An open API service indexing awesome lists of open source software.

https://github.com/borewit/strtok3

Promise based streaming tokenizer
https://github.com/borewit/strtok3

binary decoder decoding encoder encoding stream streaming-tokenizer tokenizer

Last synced: 15 days ago
JSON representation

Promise based streaming tokenizer

Awesome Lists containing this project

README

        

[![Node.js CI](https://github.com/Borewit/strtok3/actions/workflows/ci.yml/badge.svg)](https://github.com/Borewit/strtok3/actions/workflows/ci.yml)
[![CodeQL](https://github.com/Borewit/strtok3/actions/workflows/codeql.yml/badge.svg?branch=master)](https://github.com/Borewit/strtok3/actions/workflows/codeql.yml)
[![NPM version](https://badge.fury.io/js/strtok3.svg)](https://npmjs.org/package/strtok3)
[![npm downloads](http://img.shields.io/npm/dm/strtok3.svg)](https://npmcharts.com/compare/strtok3,token-types?start=1200&interval=30)
[![DeepScan grade](https://deepscan.io/api/teams/5165/projects/8526/branches/103329/badge/grade.svg)](https://deepscan.io/dashboard#view=project&tid=5165&pid=8526&bid=103329)
[![Known Vulnerabilities](https://snyk.io/test/github/Borewit/strtok3/badge.svg?targetFile=package.json)](https://snyk.io/test/github/Borewit/strtok3?targetFile=package.json)
[![Codacy Badge](https://api.codacy.com/project/badge/Grade/59dd6795e61949fb97066ca52e6097ef)](https://www.codacy.com/app/Borewit/strtok3?utm_source=github.com&utm_medium=referral&utm_content=Borewit/strtok3&utm_campaign=Badge_Grade)
# strtok3

A promise based streaming [*tokenizer*](#tokenizer-object) for [Node.js](http://nodejs.org) and browsers.
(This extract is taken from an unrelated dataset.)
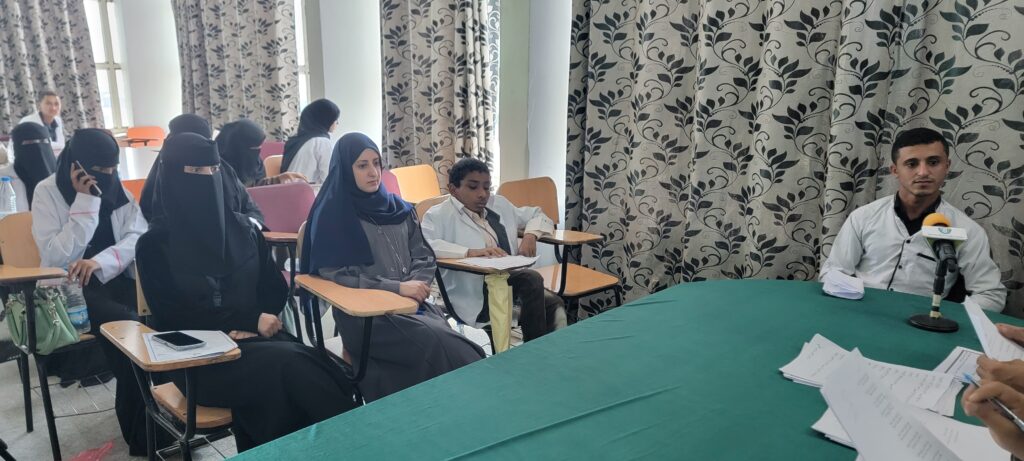 Group of students in a classroom listening to a speaker at a table with a microphone on the right.
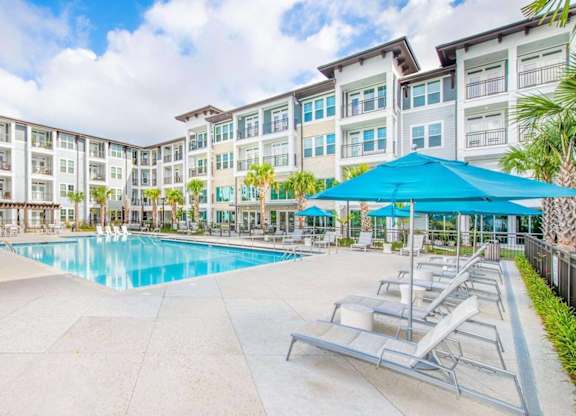 A large swimming pool surrounded by sun loungers and umbrellas in front of apartment buildings.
The `strtok3` module provides several methods for creating a [*tokenizer*](#tokenizer-object) from various input sources.
Designed for:
* Seamless support in streaming environments.
* Efficiently decode binary data, strings, and numbers.
* Reading [predefined](https://github.com/Borewit/token-types) or custom tokens.
* Offering [*tokenizers*](#tokenizer-object) for reading from [files](#method-strtok3fromfile), [streams](#fromstream-function) or [Uint8Arrays](#frombuffer-function).

### Features
`strtok3` can read from:
* Files, using a file path as input.
* Node.js [streams](https://nodejs.org/api/stream.html).
* [Buffer](https://nodejs.org/api/buffer.html) or [Uint8Array](https://developer.mozilla.org/en-US/docs/Web/JavaScript/Reference/Global_Objects/Uint8Array).
* HTTP chunked transfer provided by [@tokenizer/http](https://github.com/Borewit/tokenizer-http).
* [Amazon S3](https://aws.amazon.com/s3) chunks with [@tokenizer/s3](https://github.com/Borewit/tokenizer-s3).

## Installation

```sh
npm install strtok3
```

### Compatibility

Starting with version 7, the module has migrated from [CommonJS](https://en.wikipedia.org/wiki/CommonJS) to [pure ECMAScript Module (ESM)](https://gist.github.com/sindresorhus/a39789f98801d908bbc7ff3ecc99d99c).
The distributed JavaScript codebase is compliant with the [ECMAScript 2020 (11th Edition)](https://en.wikipedia.org/wiki/ECMAScript_version_history#11th_Edition_%E2%80%93_ECMAScript_2020) standard.

Requires a modern browser, Node.js (V8) ≥ 18 engine or Bun (JavaScriptCore) ≥ 1.2.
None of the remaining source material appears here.